You’re My Quirky Girl

“I like your top,” my friend Cy said to me.

“Thanks. It’s a skirt,” I replied.

“Yup. That’s my quirky girl,” M. chimed in.

I remember this conversation from this summer as I slide on a pair of Levi 501s that are older than I am and once belonged to my father. I’ve been wearing these “boyfriend jeans” with ballet flats for nearly 20 years—before they are made fashionable by Katie Holmes (and possibly her stylist).

Quirky. My fashion sense has been called preppy, classic, casual, even elegant, but quirky is the one I wear with honor. Granted, I’m not always wearing skirts as a top or a dress; most of the time I’m wearing a uniform of jeans, tank top, long cardigan and ballet flats. Looking back on my fashionable life I have definitely had my moments:

  • My freshman year in high school I wore men’s boxer shorts with a kilt pin at the crotch. I remember the outfit perfectly: the boxers were white with red diamonds and I wore them with a red pullover sweater vest that I got at the Angel View Thrift Store with a plain white T-shirt underneath and white Keds (no socks of course).
  • I wore a vintage white dress with a vintage black breaded cardigan to the first bar mitzvah I ever attended. I was 13, and this was before wearing vintage was cool.
  • In college I wore a flowered button-up pajama top, which I had cut the collar off of, with jeans. I’m not sure anyone knew that it was part of a Victoria’s Secret PJ set.

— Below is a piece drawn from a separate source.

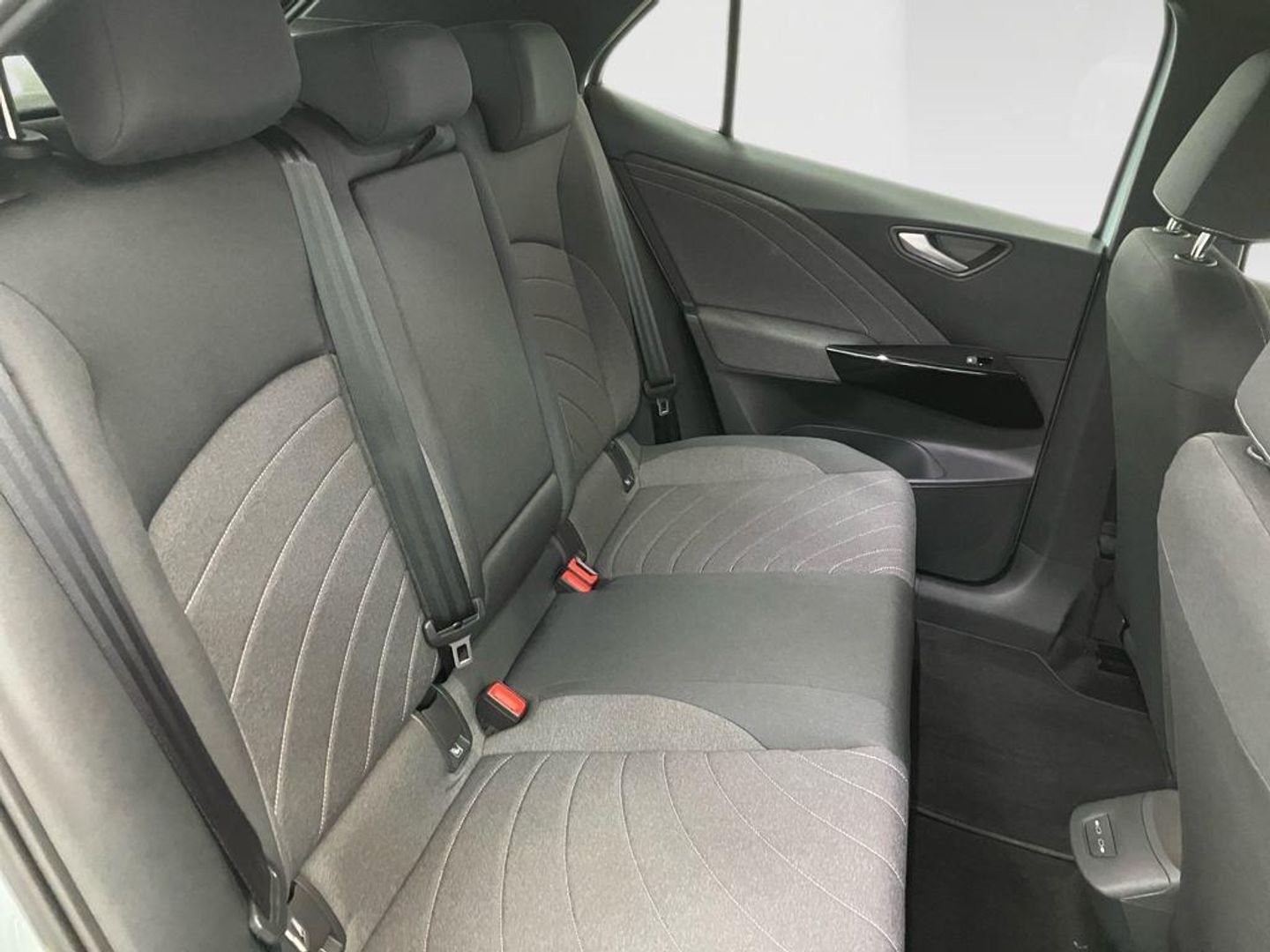 Volkswagen ID.3 Pro Automático 150 kW (204 CV)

When I look at my closet now, my favorite items could also by considered quirky: orange cargo pants, a brown and white Trina Turk caftan, a key hole halter top also designed by Trina Turk that I wear with a white tank top underneath, a khaki skirt that has a huge beaded white and silver starfish on it, a pair of navy shorts with embroidered white whales and skulls on them, mirrored silver Stuart Weitzman flats (that I happen to wear with all of the above) and gold flat gladiator-istic sandals that are embossed with lizard print.

Finally, I believe that my quirkiness was sealed when it was en vogue to compared your group of friends to the characters in Sex in the City. My friends deemed me Carrie-esque.

“Because I’m the writer,” I said.

“No, because you’re quirky like her,” they replied. I’m happy to join the company of Diane Keaton and the aforementioned Bradshaw. Otherwise, I might blend in too much.

You’re My Quirky Girl

2 thoughts on “You’re My Quirky Girl

  1. Mo says:

    I used to have a quirky sense of style. I would steal my dad’s sweaters, wear old 501s, dyed my hair unnatural colors and wore lots of accessories—my favorite was a red beret I had when I was a freshman in high school—anything to break the monotony of having to wear a uniform for 12 years. Actually, funky is a more appropriate word. But it worked. Over the years I’ve sort of gotten lazy—I’ve starting wearing the adult version of a uniform—jeans, boots, T-shirts and long sweaters. It’s kind of boring! Maybe it’s time to cultivate that a little more again! (Maybe without the beret, though.)

  2. It’s easy to fall into the uniform. I know I do, even though the skirt as dress/top happens to be one of them. Sometimes we need to shake it up. Let me know what you do.